2.55pm Labour sources reveal that Corbyn is actually going to call for a vote of no confidence in the prime minister personally but not the government. If lost it would have no legal force, only the effect of embarrassing May but not triggering a general election. Labour's key demand? May must set a date for the Commons to vote on her deal.
3.42pm May sets a date for the Commons to vote on her deal, telling MPs that it will happen in the week of January 14, as was first reported by The Sun's Matthew Dathan last week.
3.50pm Corbyn is cross and says that a "responsible prime minister would have put the deal before the House this week". "This is a constitutional crisis," he adds, but then doesn't move a motion against her.
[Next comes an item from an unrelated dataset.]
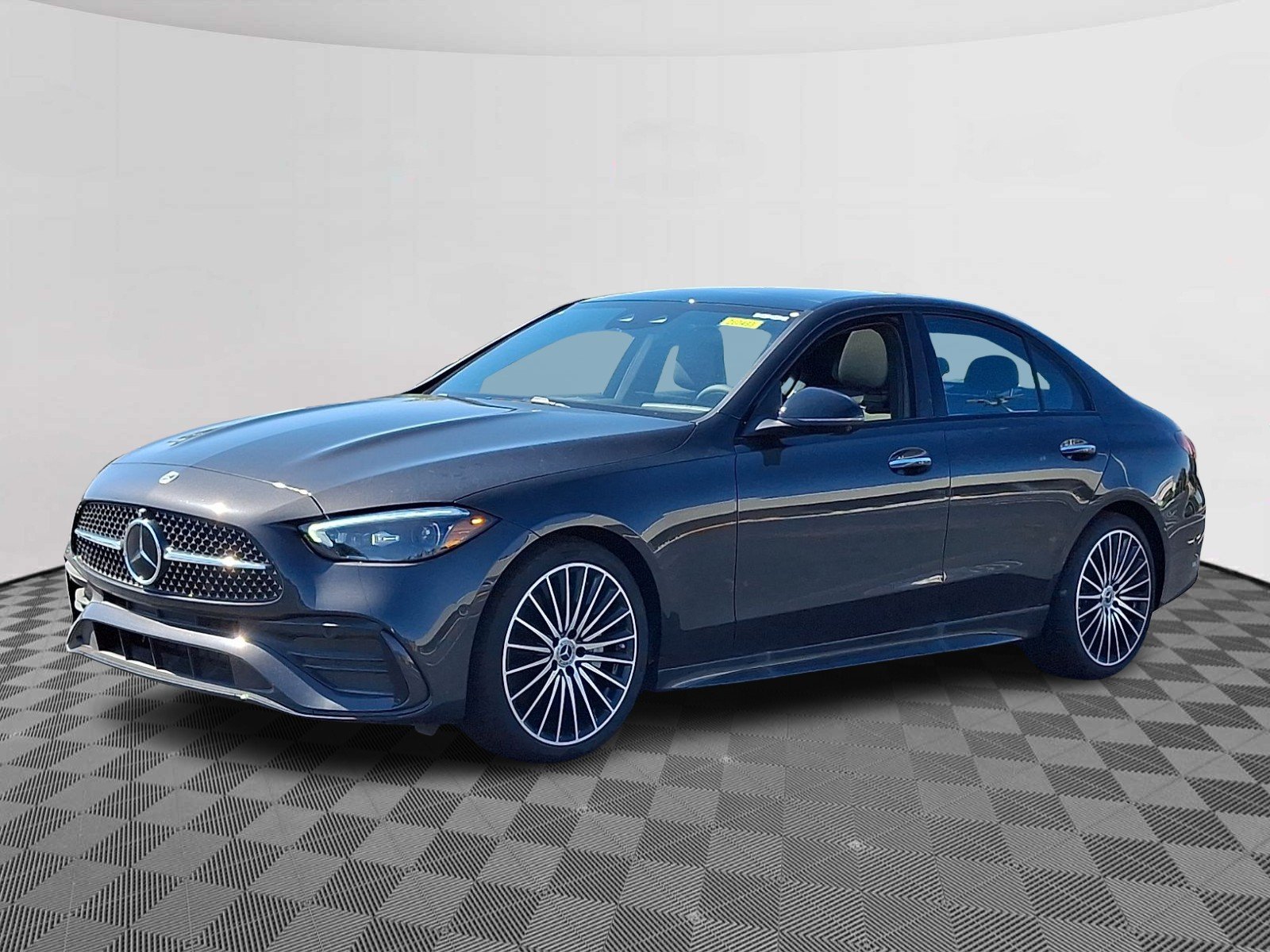 New 2026 Graphite Grey Metallic Mercedes-Benz C 300 image 3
4.17pm Labour declares victory! The party tweets: "BREAKING: With the risk of a no confidence vote in her leadership, we have forced the PM to bring her botched Brexit deal back to Parliament." Hurrah! Corbyn supporters like Matt Zarb-Cousin claim May is "dancing to Corbyn's tune". Although as we all know May only dances to Abba's tune, and none of us wants to see that again.
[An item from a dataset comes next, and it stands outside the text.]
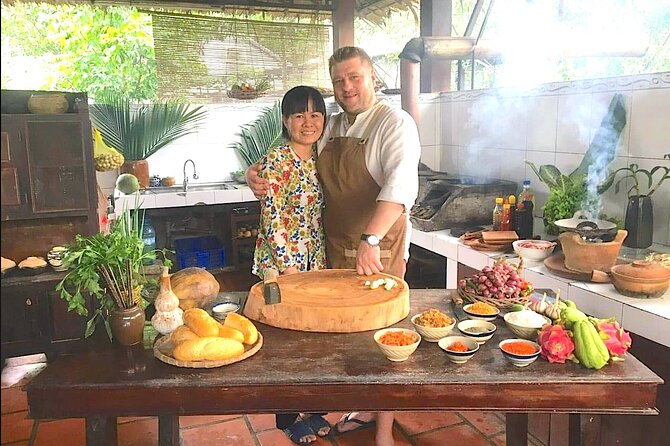 Cooking class & Vibrant Market by Scooter/Tuktuk (Half-Day) - Key points about this Ben Tre cooking class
5.52pm Labour declares defeat! Corbyn is back at the dispatch box to perform a U-turn with his typically Churchillian oratory: "It is very clear that it is very ... bad ... unacceptable that we should be waiting almost a month before we have a meaningful vote." He announces that he is now unhappy with the concessions he was boasting about an hour earlier, and he is in fact going to table a motion stating: "That this House has no confidence in the Prime Minister due to her failure to allow the House of Commons to have a meaningful vote straight away on the Withdrawal Agreement and framework for future relationships between the UK and European Union."
6.54pm Both the DUP and Steve Baker, deputy ringleader of Jacob Rees-Mogg's European Research Group circus, confirm they will vote against Labour's motion. The message: she might be a useless prime minister but she is our useless prime minister, now back off. Sir Vince Cable accuses Corbyn of "bottling the real vote the Commons needs".
In all it took four hours to go from an apparent threat to bring down the government to the humiliation of being accused of a lack of leadership by the leader of the Lib Dems.
Last night Downing Street refused to give time for Corbyn's motion to even be debated, daring the Labour leader to go the whole hog and have a proper confidence vote in the government instead, which the government is obliged to give time for.
More problematic for Corbyn is his tortuous formulation of Labour's Brexit policy: officially he wants a general election first, and if not that then a second referendum.
So if he pushes for a full confidence vote and loses, most of his MPs and many more in his party expect him to switch to calling for a second referendum, something he has been desperate to avoid in order to keep left-wing Leavers onside.
There was more chuntering later about the Commons coming back early in January to start debating as soon as possible. You get the feeling that May could go the full Oliver Cromwell and scrap Christmas for the entire country and she would still extend her poll lead.